» Assignment: All lines from the one containing "Infographic showing regional" through the end of the data below are to be repeated exactly, with pictures left out.
::: Record set :::
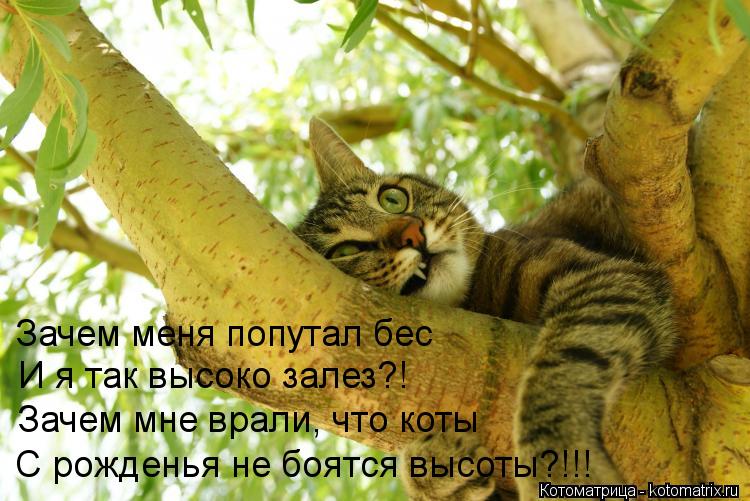 Зачем меня попутал бес И я так высоко залез?! Зачем мне врали, что коты С рожденья не боятся высоты?!... Котоматрица: Зачем меня попутал бес И я так высоко залез?! Зачем мне врали, что коты С рожденья не боятся высоты?!!!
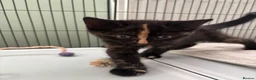 Mixed Breed cats for sale: Kittens  - Advert 2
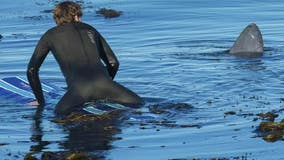 Surfer stumbles on sea creature in Santa Cruz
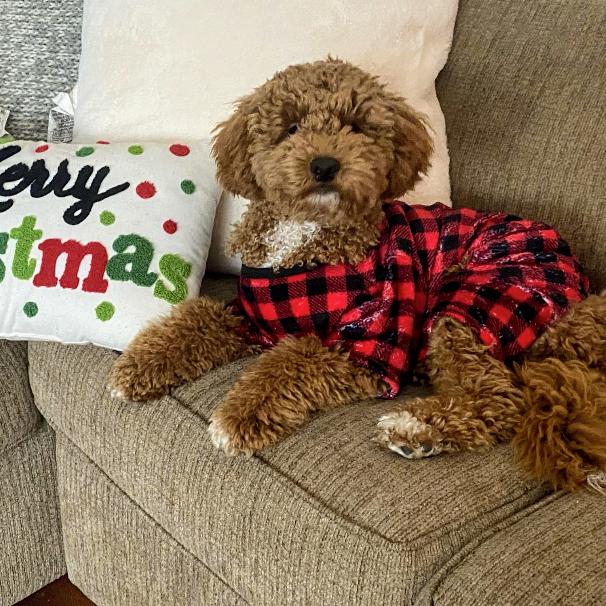 1st christmas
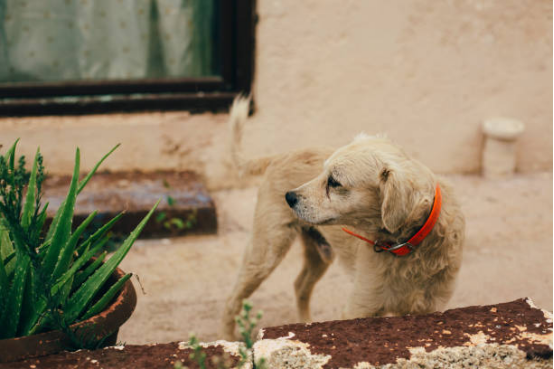 Infographic showing regional bark collar legality differences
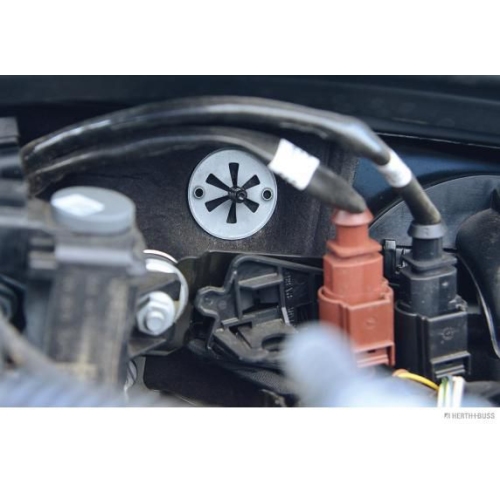 Halteklammer HERTH+BUSS ELPARTS 50267069 f&uuml;r AUDI FORD VW VAG, Fahrzeugt&uuml;r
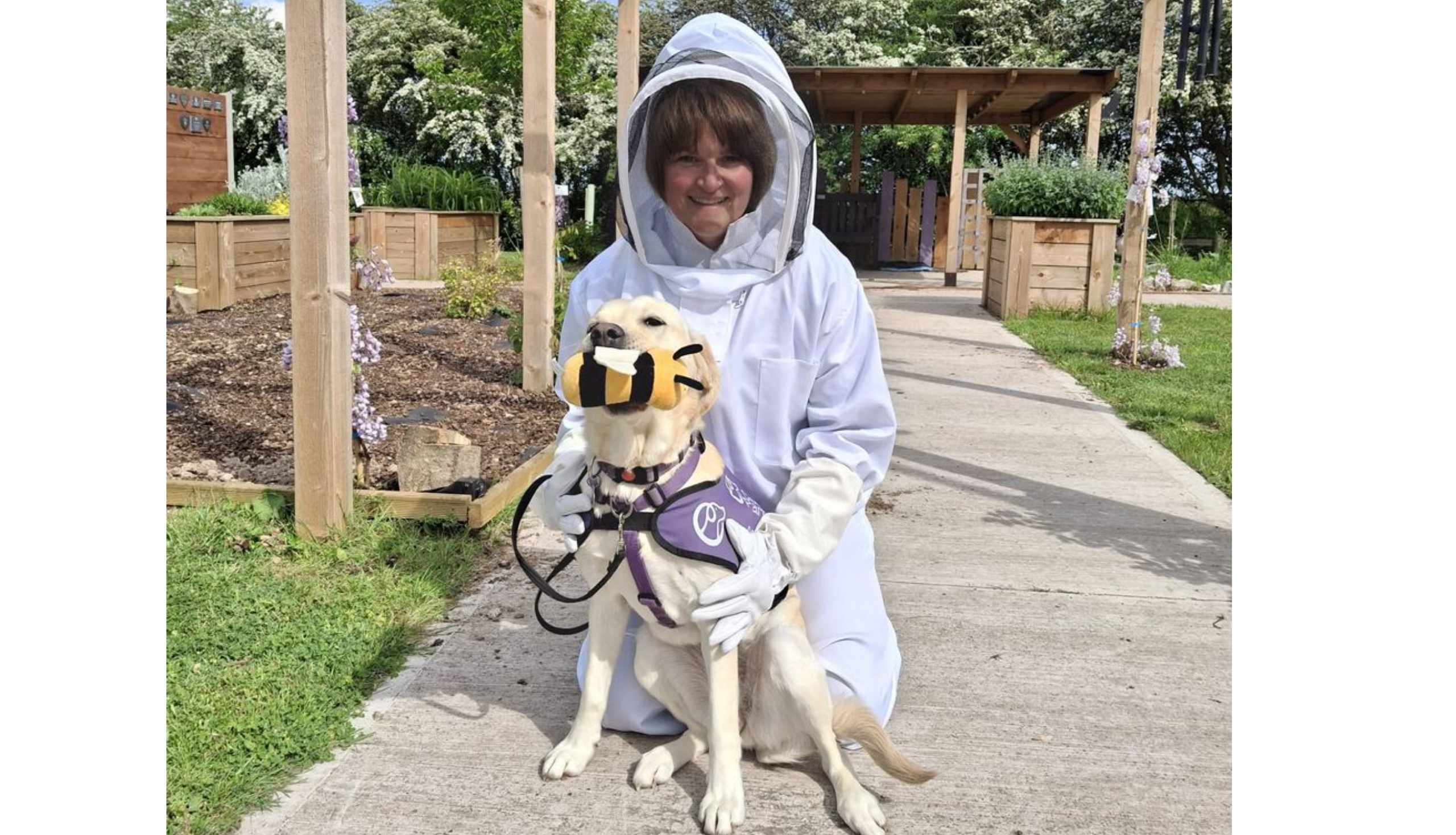 Yellow Labrador wearing a purple assistance dog jacket and carrying a bee toy in his mouth. Accompanied by a person in a bee keeper uniform.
:::
» Answer box:
 Infographic showing regional bark collar legality differences
 Halteklammer HERTH+BUSS ELPARTS 50267069 f&uuml;r AUDI FORD VW VAG, Fahrzeugt&uuml;r
 Yellow Labrador wearing a purple assistance dog jacket and carrying a bee toy in his mouth. Accompanied by a person in a bee keeper uniform.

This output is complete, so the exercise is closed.